DATA EXCERPT Block Start

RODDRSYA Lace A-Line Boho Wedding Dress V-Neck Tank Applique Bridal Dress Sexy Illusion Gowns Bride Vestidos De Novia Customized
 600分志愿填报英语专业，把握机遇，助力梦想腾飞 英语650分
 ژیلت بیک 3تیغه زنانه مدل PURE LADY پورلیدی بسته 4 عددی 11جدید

DATA EXCERPT Block End

# DIRECTIONS
Make an exact copy of the listing, including every line.

# RESPONSE
RODDRSYA Lace A-Line Boho Wedding Dress V-Neck Tank Applique Bridal Dress Sexy Illusion Gowns Bride Vestidos De Novia Customized
 600分志愿填报英语专业，把握机遇，助力梦想腾飞 英语650分
 ژیلت بیک 3تیغه زنانه مدل PURE LADY پورلیدی بسته 4 عددی 11جدید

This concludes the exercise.